I have thought about the similarities of carrying a bundle and having ready-at-hand a smartphone. Both are portable and both offer access to a phenomenological experience that lifts one out of the now into a future-to-be-built-on-the-past. As Beth Cuthand says about bundles
And where he walks, his bundle walks
humming softly old sounds in new time.
Closing lines of "His Bundle" in Voices in the Waterfall (Lazara Press, 1989)
The affinities came to mind again in reading this piece from the Globe & Mail.
Can we ever kick our smartphone addiction? Jim Balsillie and Norman Doidge discuss
Privacy and mental health are inextricably linked, especially for young people. You need periods of privacy to form a self and an identity, a task not completed until at least the late teens. Having an autonomous, spontaneous self is the result of a long psychological process where you have time to "step back" from the crowd, and from your parents, to reflect. It requires time to let that self – your true feelings, your own quirky, uncurated reactions – emerge, spontaneously.
Time alone with the objects of one's bundle.
But the smartphone in their account falls short. A note of caution is sounded — one of the technologies delivered by a smartphone is a net to capture attention:
The new phones foster enmeshment with parents, and the world, and hamper individuation, the process of becoming a unique individual, because kids are overconnected. And peer groups at that age can be Lord of the Flies cruel – and often love to mercilessly hunt down, expose and denounce the eccentricities of emerging individuals.
Still, even in that enmeshment there must be uncurated moments where one uncrates history.

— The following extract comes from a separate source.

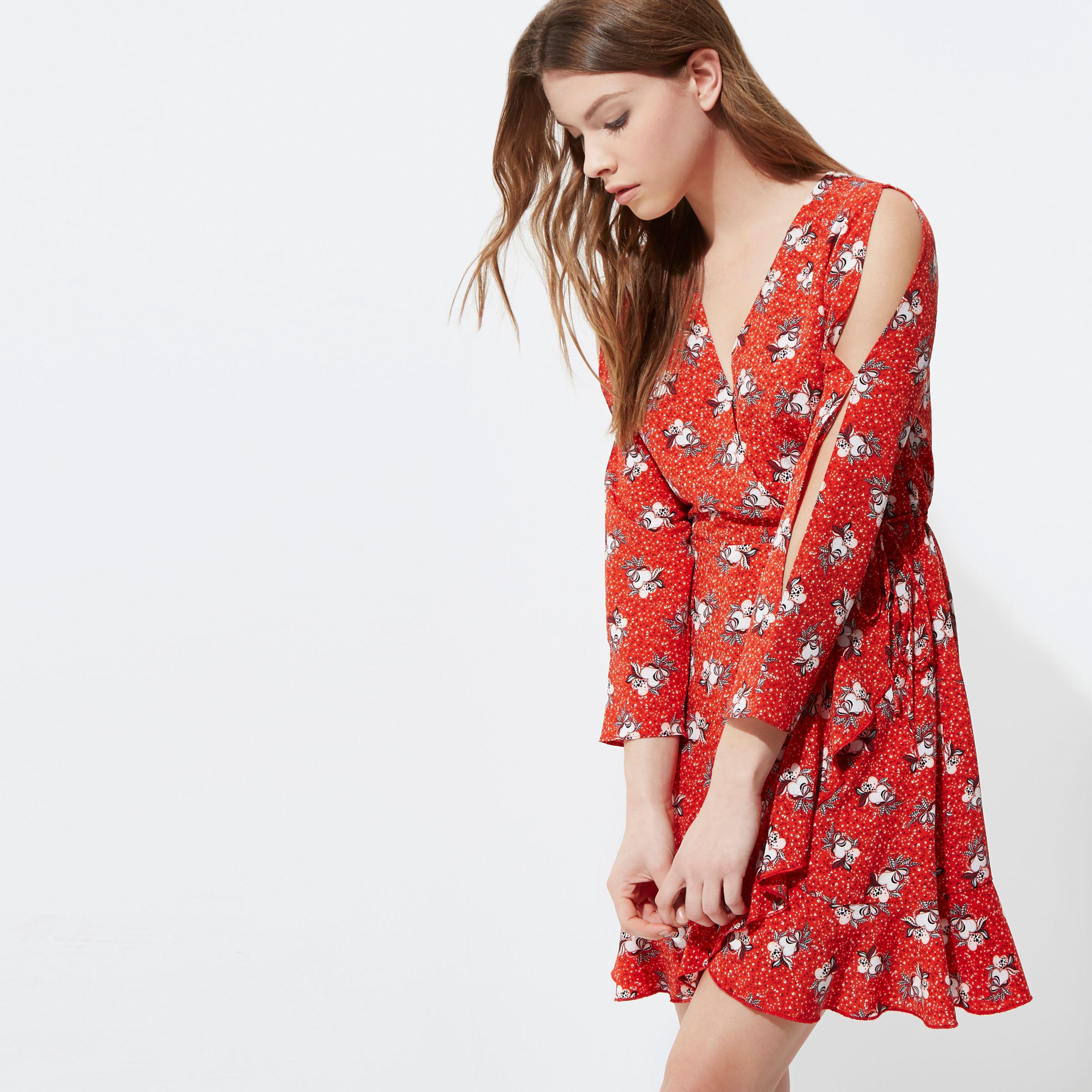 Synthetic Floral Print Frill Wrap Dress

Still.
Louis David, to you
I transfer my bundle.
It is small and humble
wrapping little things,
a bone
from the last buffalo,
a stone
from the Assiniboine,
a small pipe and
tobacco pouch
and
a feather
from the broken wing
of one
who flew too low.
From Beth Cuthand "He Told Me" in Voice in the Waterfall
On being tracked (and not being located)...

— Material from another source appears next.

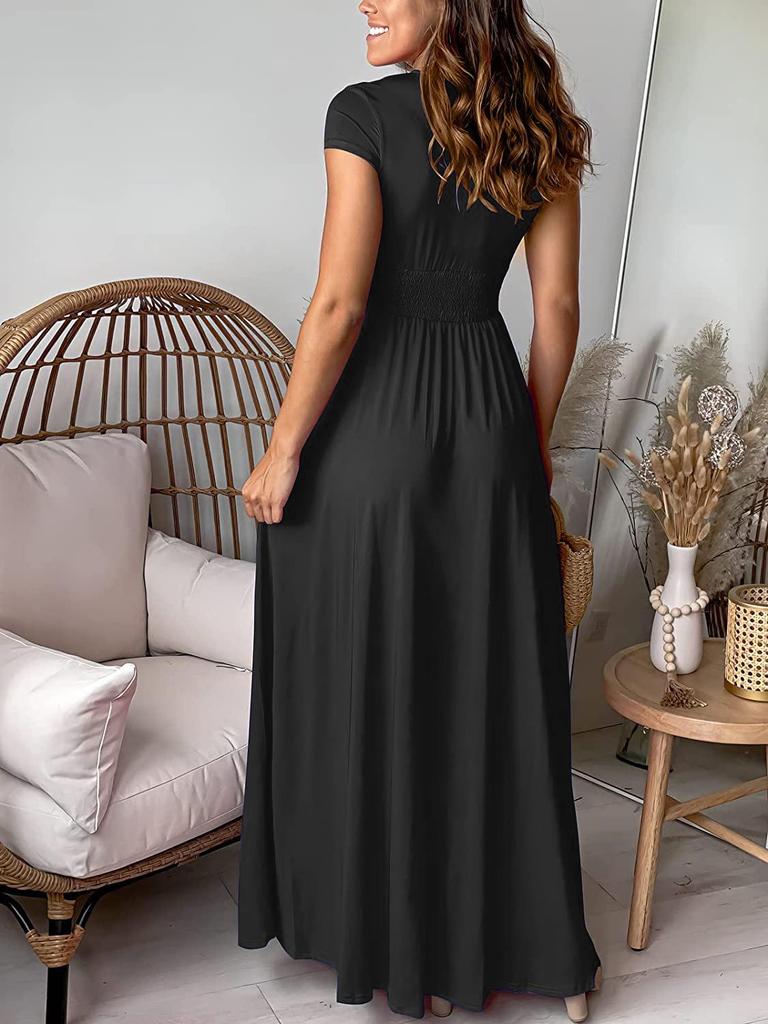 Women's V-Neck Short Sleeve High Waist Evening Gown with Ruched Slit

In Star Trek: The Original Series (TOS), communicators functioned as a plot device, stranding characters in challenging situations when they malfunctioned, were lost or stolen, or went out of range. (Otherwise, the transporter could have allowed characters to return to the ship at the first sign of trouble, ending the storyline prematurely.[1])

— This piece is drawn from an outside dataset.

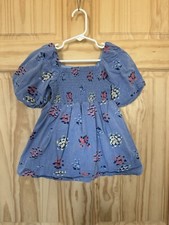 Janie and Jack Blue Puff Sleeve Smocked Flower Dress 18-24M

https://en.wikipedia.org/wiki/Communicator_(Star_Trek)
On carrying (and being carried)...
In many Indigenous cultures, bundles play an important role in health and well-being. Physical bundles (i.e. a collection of sacred items that are important to a given person, such as eagle feathers, medicines, a pipe, etc.) are often carried by Indigenous peoples attending ceremony. Similarly, some Indigenous cultures believe that when a child is born they come into the world with a spiritual bundle which holds all of the gifts the Creator gave to them. Both physical and spiritual bundles serve the purpose of helping a person to engage with creation in a healthy and balanced way.
Working with Indigenous families: An engagement bundle for child and youth mental health agencies published by Ontario Centre of Excellence for Child and Youth Mental Health.
Exploring the techne analogies further one comes to appreciate the temporality of use which leads to either interrupted stories or disruptions for stories? Breaks in time to produce the privacy necessary for a strong sense of self.